How does it help you
By connecting your Jira account to Waydev, you can visualize sprint risk, see if your team over capacity, or if your sprint is falling behind. Learn how to execute sprints better. The Sprints feature, which can be enabled by connecting your Jira account, helps engineering managers who struggle with planning work and executing their sprints.
How to integrate Jira into Waydev
Step 1: Navigate to Atlassian’s API Token Manager, and click Create API token.
Step 2: Choose a label for your API token, and click Create.
Step 3: Copy the generated API token.
Step 4: In the Waydev app, navigate to Project -> Integrations.
Step 5: Select Jira, fill in the modal your Jira login email, your personal access token, and your Jira URL, and click Test connection.
Step 6: Navigate to Project -> Ticket Projects.
Step 7: Select the projects you want to process, then click Save Project. If you create new projects in Jira, you need to click the Refresh Repositories button to add them to the Ticket Projects page.
Step 8: Navigate to Project -> Engineers.
Step 9: Select the All contributors list on the left side of the Engineers page. Select the accounts that belong to the same engineer using the checkboxes on the left side. Merge the accounts by clicking the Merge button on the right side of the page. Done!
Jira is an issue tracking tool that helps teams plan, manage, and report on their work.

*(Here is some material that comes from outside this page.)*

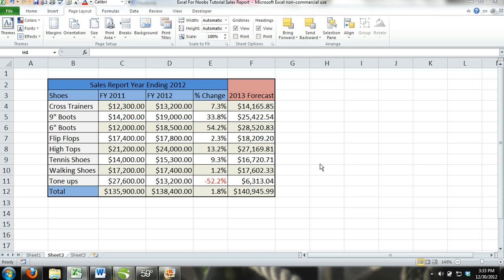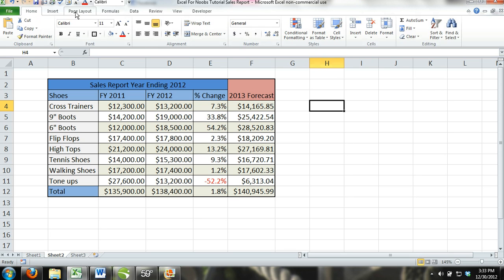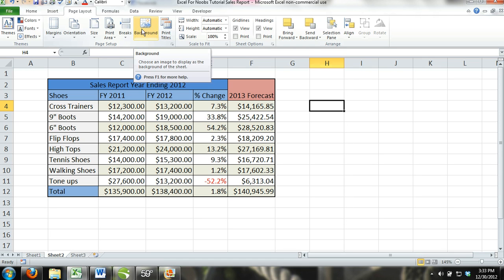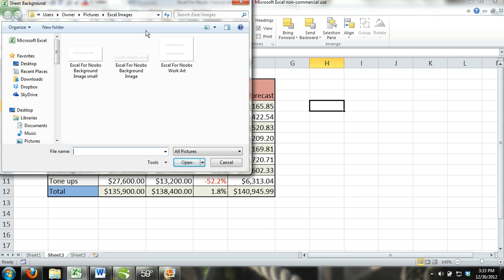It's pretty simple. All you have to do is go to the Page Layout tab and you'll access the Page Layout ribbon. And then under here in the Page Setup group, there's going to be an option — a button to select a background. So click on background and then you'll select your image.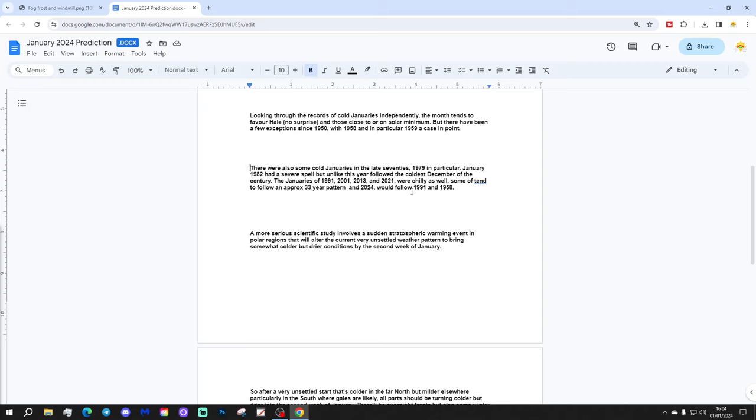There are also some very cold Januaries in the late 70s, 1979 in particular. January 1982 had a severe spell, but unlike this current year, followed the coldest December of the century. The Januaries of 1991, 2001, 2013 and 2021 were chilly as well.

Products and apps built on top of the Jira platform help teams plan, assign, track, report and manage work. The Jira platform brings teams together for everything from agile software development and customer support to managing shopping lists and family chores.
Three products are built on the Jira platform: Jira Software, Jira Service Desk, and Jira Core. Each product comes with built-in templates for different use cases and integrates seamlessly, so teams across organizations can work better together.
Key terms to know
A Jira ‘issue’ refers to a single work item of any type or size that is tracked from creation to completion. For example, an issue could be a feature being developed by a software team, a to-do item for a marketing team, or a contract that needs to be written by a legal team.
Tip: Other commonly used terms for issues are ‘requests’, ‘tickets’ or ‘tasks’. We recommend using ‘issues’ to help your team stay on the same page when working across the Jira product family.
A project is, quite simply, a collection of issues that are held in common by purpose or context. Issues grouped into projects can be configured in a variety of ways, ranging from visibility restrictions to available workflows.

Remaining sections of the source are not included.